All 24 sample strains of HIV, all with high-level nevirapine resistance, were fully
susceptible to the four approved protease inhibitors (indinavir, nelfinavir, saquinavir,
and ritonavir). In a clinical follow-up, the viral load and CD4 cell counts of 40
adults and 19 children with similar nevirapine resistance and protease inhibitor
susceptibility patterns responded optimally; the mean viral load decrease was 1.5 logs and
the mean CD4 cell increase was 144 cells/mm3. These results support the idea of
initial antiretroviral treatment with combinations of NNRTIs and nucleoside analogs, an
approach that allows the person to reserve protease inhibitors for later.

In Conclusion
The protease-sparing regimens discussed in this article represent some of the newest
regimens on the block. In some of the studies, 3-drug protease-sparing regimens appeared
as potent as protease inhibitor-containing regimens. There are other combination regimens
that exclude protease inhibitors and appear to be potent anti-HIV regimens, such as
delavirdine/AZT/3TC and nevirapine/d4T/ddI; research will continue into these regimens and
others.
While it is clear that initial anti-HIV therapy that excludes a protease inhibitor is
promising, it is not yet clear how durable the beneficial responses seen in these short
studies will be. It also is not yet clear if this approach will avoid side effects such as
lipodystrophy. Upcoming studies will provide more data and understanding of these HIV
treatment issues.
Leslie Hanna is Acting Editor of BETA.

Curry, R. and others. Retained effectiveness of protease inhibitor (PI)

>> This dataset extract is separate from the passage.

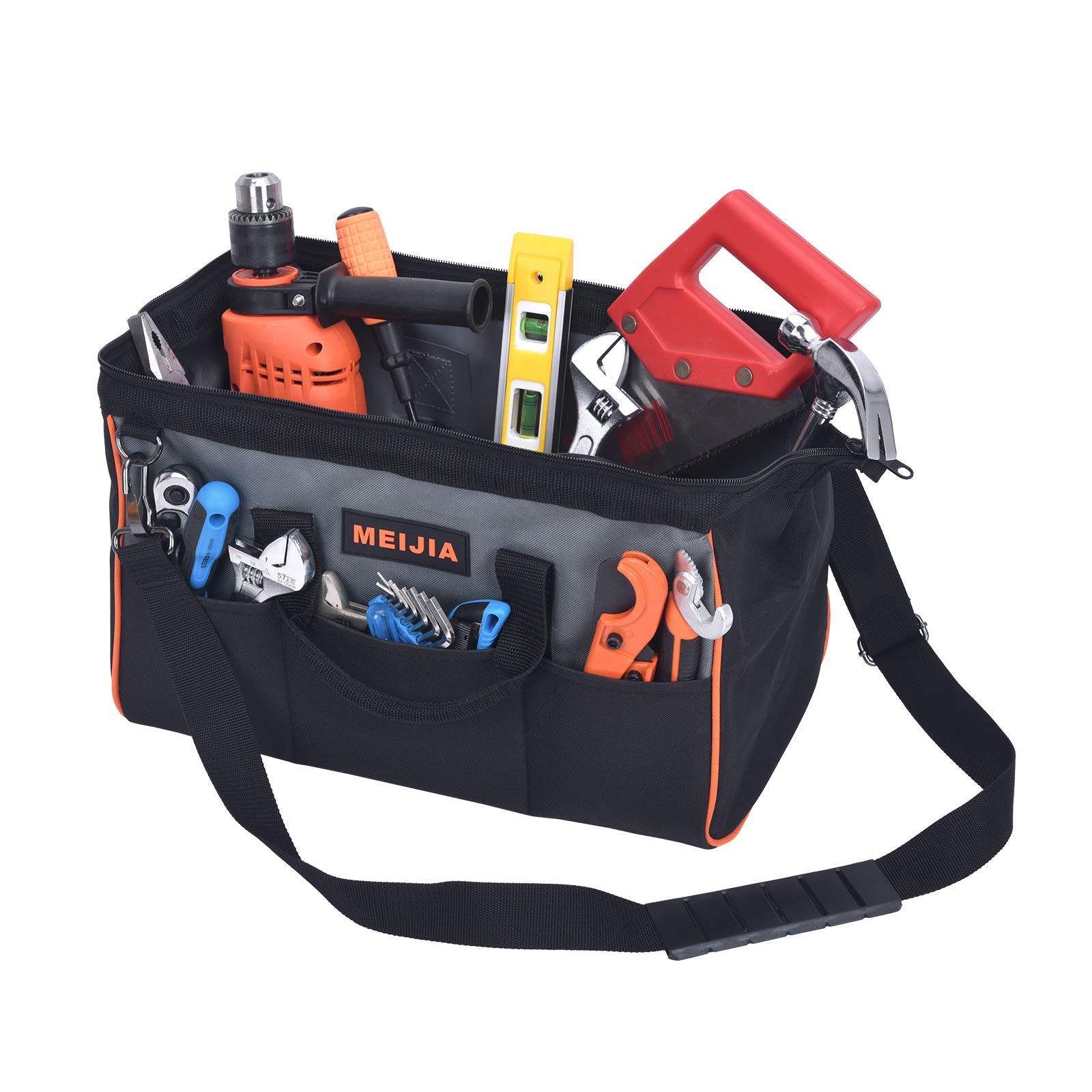 16 Inch Portable Wide Mouth Heavy Duty Tool Bag Multi Pocket Storage Tote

therapy (Rx) following "protease sparing" nevirapine/nucleoside (NVP/nuc)
combination therapy. 12th World AIDS Conference. Geneva, Switzerland, June 28-July
3, 1998. Abstract 12231.
Federici, M. and others. Hydroxyurea in combination regimens for the
treatment of antiretroviral-naive, HIV-infected adults. 12th World AIDS Conference.
Geneva, Switzerland, June 28-July 3, 1998. Abstract 287/12235.
Fischl, M. and others. Safety and activity of abacavir (1592, ABC)
with 3TC/ZDV in antiretroviral naīve subjects. 12th World AIDS Conference. Geneva,
Switzerland, June 28-July 3, 1998. Abstract 127/12230.
Staszewski, S. and others. A phase II, multicenter, randomized, open-label
study to compare the antiretroviral activity and tolerability of efavirenz (EFV) +
indinavir (IDV), versus EFV plus zidovudine (ZDV) + lamivudine (3TC) versus IDV +
ZDV + 3TC at 24 weeks [DMP-266-006]. 12th World AIDS Conference. Geneva, Switzerland,
June 28-July 3, 1998. Abstract 22336.